[lug] intrusion

bgiles at coyotesong.com bgiles at coyotesong.com
Wed Jun 13 12:44:12 MDT 2007

> There was a funny UID - easypwn.
> Changed the passwd, later saw:
> easypwn tried to get in, failed, then another "don't know who it is
> userID" mailmn got on from same IP.
> The easypwn tried to get in again and logged in successfully.

If you have a vulnerability, you can be attacked by multiple bad guys or
re-attacked by the same one.  When we had a vulnerability a while back our
logs showed three(?) separate attackers within less than 24 hours.  IIRC
one was successful (and quickly detected), a second was successful but the
payload failed, and the third hit just minutes before we closed the door.

> What's the short list of cleaning procedures/lockdowns while taking this
> machine out of service?

If you can't disconnect from the network (which leaves you wide open for,
well, anything), you can at least look at the logs to try to identify how
they got into the system.

Meanwhile a good idea with non-rootkit attacks are:

  # find / -perm +1000 -ls   (list all suid files)
  # find / -perm +2000 -ls   (list all sgid files)

  # find /tmp -type b   (list all block devices)
  # find /tmp -type c   (list all character devices)
                        (do for all directories other than /dev)

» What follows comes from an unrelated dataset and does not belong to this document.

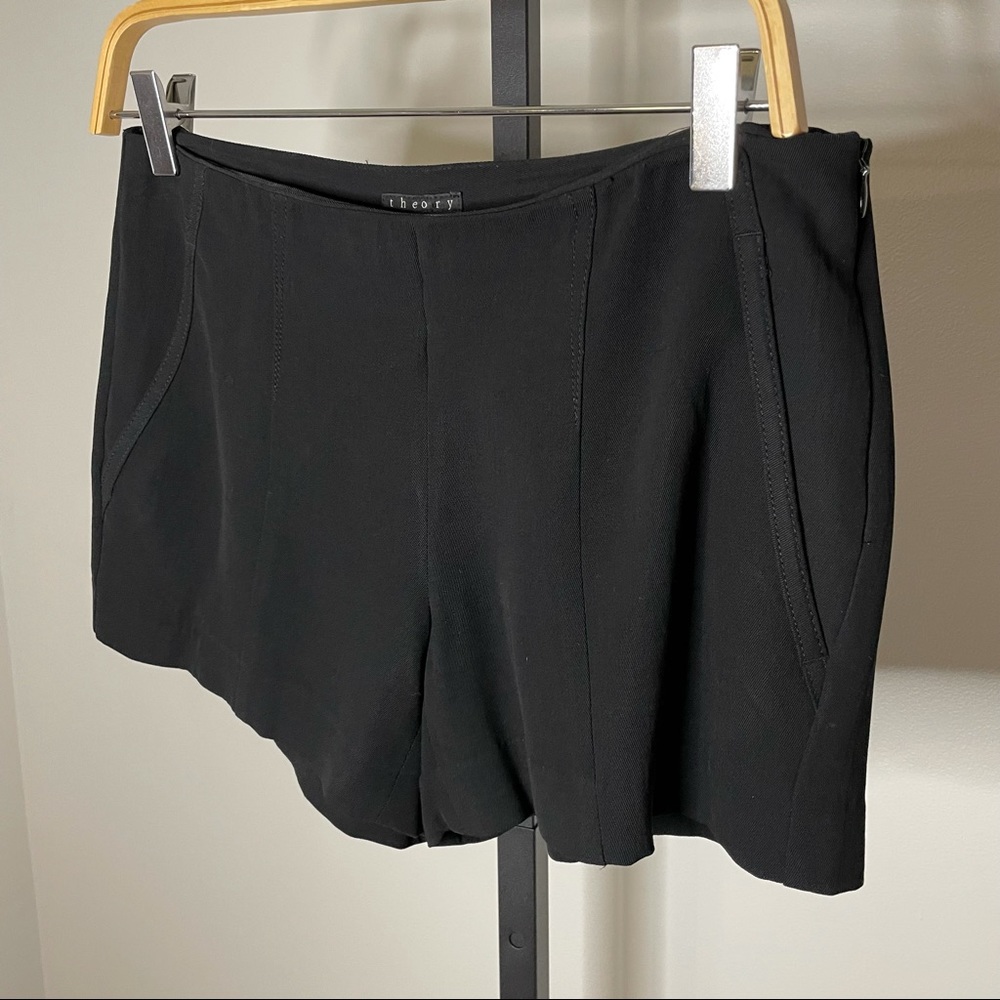 Theory Side Zip Virginwool Black Shorts 2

  # find /tmp -type f -perm +444 (1)
  # find /dev -type f -perm +444 (1)

There are a number of legitimate suid and sgid files, but iirc they should
all be under /bin and /usr/bin and be well documented somewhere.  You
shouldn't have any special devices outside of /dev.

(1) I think this is right... you want to find any executable files under
/tmp and /dev.  There should be none.  On most systems the same thing
should be true about /home.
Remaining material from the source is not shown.